# kiln drying issue please help



## greg4269ub (Sep 1, 2009)

I bought an EBAC LD800 kiln the drying chamber was constructed of plywood and measured 4x6x10. I put several coats of paint on the outside and covered it with 8mil black plastic (hoping that the black will help keep it warmer in the winter) my first load has been in there since halloween all 4/4. i check it once or twice per week for MC the boards on top are drying nicely but the boards on the bottom are not any ideas what may be goin on?? thanks in advance for the help


----------



## slabmaster (Mar 30, 2008)

Perhaps the bottom boards aren't getting hot enough.A fan on the top blowing down would help alot.


----------



## Julian the woodnut (Nov 5, 2008)

I am not sure how an ebac is set up, but I do know you need room around the stack for air circulation.

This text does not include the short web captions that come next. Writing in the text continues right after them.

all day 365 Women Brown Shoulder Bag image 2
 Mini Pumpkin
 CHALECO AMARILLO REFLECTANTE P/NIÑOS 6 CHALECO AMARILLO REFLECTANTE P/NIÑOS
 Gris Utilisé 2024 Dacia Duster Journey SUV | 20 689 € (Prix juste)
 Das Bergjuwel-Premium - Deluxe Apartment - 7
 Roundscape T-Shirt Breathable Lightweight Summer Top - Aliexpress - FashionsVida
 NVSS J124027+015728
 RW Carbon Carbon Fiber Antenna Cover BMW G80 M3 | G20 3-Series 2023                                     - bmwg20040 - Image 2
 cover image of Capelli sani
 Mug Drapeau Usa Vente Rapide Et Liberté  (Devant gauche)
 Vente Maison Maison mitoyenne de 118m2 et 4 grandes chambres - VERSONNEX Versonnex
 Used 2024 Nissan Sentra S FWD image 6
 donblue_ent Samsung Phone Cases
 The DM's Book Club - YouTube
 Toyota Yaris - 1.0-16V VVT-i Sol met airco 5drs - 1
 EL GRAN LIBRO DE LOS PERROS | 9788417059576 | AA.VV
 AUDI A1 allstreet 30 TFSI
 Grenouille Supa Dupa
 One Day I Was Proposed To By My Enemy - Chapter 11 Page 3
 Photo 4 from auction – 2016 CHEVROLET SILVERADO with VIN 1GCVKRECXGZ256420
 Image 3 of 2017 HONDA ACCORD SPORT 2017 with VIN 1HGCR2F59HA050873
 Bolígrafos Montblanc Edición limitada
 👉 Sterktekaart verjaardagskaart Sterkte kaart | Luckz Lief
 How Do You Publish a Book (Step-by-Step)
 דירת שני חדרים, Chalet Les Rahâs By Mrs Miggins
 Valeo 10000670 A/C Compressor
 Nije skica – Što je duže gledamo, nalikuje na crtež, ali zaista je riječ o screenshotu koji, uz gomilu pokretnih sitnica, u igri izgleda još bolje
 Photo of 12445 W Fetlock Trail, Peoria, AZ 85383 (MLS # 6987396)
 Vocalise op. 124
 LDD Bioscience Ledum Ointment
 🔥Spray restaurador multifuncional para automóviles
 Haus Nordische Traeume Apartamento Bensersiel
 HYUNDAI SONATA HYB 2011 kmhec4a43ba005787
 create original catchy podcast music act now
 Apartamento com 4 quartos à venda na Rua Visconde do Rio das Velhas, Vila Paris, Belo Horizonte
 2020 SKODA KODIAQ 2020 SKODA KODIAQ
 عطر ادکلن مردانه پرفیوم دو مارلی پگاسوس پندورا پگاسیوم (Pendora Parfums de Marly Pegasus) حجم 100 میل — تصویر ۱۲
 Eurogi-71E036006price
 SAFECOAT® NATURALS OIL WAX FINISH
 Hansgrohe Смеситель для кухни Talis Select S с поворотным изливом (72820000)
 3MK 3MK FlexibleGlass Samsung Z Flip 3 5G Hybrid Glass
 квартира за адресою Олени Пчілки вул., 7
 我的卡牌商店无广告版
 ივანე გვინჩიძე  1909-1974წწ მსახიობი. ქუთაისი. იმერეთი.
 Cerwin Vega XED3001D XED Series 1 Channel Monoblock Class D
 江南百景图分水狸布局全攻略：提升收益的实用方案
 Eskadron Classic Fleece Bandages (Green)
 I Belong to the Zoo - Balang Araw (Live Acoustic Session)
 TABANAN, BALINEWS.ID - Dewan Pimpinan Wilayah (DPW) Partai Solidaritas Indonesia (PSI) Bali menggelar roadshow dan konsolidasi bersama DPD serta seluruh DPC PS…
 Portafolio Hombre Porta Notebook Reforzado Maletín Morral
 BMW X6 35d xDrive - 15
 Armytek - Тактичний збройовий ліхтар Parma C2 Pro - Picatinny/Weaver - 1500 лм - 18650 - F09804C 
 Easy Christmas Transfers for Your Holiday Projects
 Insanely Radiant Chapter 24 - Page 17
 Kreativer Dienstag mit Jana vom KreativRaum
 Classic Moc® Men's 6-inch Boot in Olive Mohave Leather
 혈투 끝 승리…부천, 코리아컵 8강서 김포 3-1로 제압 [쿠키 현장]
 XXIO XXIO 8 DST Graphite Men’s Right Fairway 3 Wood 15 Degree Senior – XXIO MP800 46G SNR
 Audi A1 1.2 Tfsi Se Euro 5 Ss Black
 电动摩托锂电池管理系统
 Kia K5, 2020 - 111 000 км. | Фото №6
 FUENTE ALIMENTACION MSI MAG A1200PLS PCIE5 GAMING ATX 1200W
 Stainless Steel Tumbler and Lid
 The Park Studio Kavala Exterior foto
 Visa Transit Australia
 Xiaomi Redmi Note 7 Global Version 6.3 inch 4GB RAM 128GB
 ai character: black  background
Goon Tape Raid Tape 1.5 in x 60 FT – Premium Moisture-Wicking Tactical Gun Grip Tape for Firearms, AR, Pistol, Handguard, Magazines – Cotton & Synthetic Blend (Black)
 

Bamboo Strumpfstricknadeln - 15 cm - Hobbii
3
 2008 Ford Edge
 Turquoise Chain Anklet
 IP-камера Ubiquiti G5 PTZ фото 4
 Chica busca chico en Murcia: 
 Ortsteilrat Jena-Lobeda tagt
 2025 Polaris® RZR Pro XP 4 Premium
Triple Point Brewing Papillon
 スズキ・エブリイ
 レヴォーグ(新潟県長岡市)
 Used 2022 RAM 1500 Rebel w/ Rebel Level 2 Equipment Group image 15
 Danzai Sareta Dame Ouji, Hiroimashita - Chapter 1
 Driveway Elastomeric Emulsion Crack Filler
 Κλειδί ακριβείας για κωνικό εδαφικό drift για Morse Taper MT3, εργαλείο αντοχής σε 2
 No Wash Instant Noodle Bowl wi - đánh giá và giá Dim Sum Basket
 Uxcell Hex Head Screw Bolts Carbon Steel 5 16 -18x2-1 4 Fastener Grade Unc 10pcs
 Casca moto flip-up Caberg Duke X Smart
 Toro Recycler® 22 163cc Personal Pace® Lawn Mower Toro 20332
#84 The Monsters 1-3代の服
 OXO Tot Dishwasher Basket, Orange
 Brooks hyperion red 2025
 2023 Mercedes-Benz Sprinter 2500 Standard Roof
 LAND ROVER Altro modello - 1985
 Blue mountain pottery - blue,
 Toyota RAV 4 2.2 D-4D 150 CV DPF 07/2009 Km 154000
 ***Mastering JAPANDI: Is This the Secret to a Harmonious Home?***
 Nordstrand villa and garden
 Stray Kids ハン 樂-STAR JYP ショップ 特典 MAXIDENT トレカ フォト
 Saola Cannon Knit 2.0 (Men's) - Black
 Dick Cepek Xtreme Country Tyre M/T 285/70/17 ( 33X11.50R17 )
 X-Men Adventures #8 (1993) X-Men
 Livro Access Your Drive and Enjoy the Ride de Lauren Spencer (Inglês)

If air can't circulate through the stickered stack, then it won't dry evenly.


----------



## JP Sinclair (Nov 13, 2006)

If the chamber temp is good, the wood should be at a consistant temp, sounds like you might have an air circulation issue


----------



## greg4269ub (Sep 1, 2009)

*thanks for the help*

as i think about it some more i am coming to the same conclusion. heat rises the top is drying fine the botom isn't so good. my kiln is a dehumidification kiln it pushes the heat/dry air thru the stack then sucks it off the other side and zaps the moisture out of the air. i peeked in there the other day after posting here and noticed that there isn't much air flow between the door and the botom of the stack. i need to take more care to stack it in there straighter next time. the inside is only 3'4" deep i make my stacks 3' to allow 4" of room for the air to flow back to the dehumidifier. on the botom there is only 1.5" if i am lucky. problems can some times hide in plain view:wallbash: now that i've got some insight i think it will be better. thanks very much for the imput guys.


----------



## Logger (Nov 26, 2009)

I decided i would register and post on this topic, Ive been lurking here for awile and have followed your buying of a mill and now a a LD 800, ive been using my Ld 800 for 10 years now and have found out that in wisconsin as the temp drops my ld 800 has a hard time keeping the temp inside up to where it should be, normally turn it off in late october. As for the top boards dry and the bottom not I always put the thick boards on top if drying more than one thickness and if drying just one thickness I put the narrow boards to the bottom of the stack and wide ones to the top to get a more even drying, when doing this tho make sure you have plenty of weight on your pile to keep the wide boards from cupping, I use concrete slabs on my pile. I hope this helps you and if you have anymore ? please ask. Happy thanksgiving Mike


----------



## greg4269ub (Sep 1, 2009)

Thanks for the insight mike. i have started my 3 day end of run cycle. i will check things on sunday afternoon and start unloading. it is mostly spalted maple in there with a bit of oak i will post some pics early next week. where are you in Wi? i live in west bend.


----------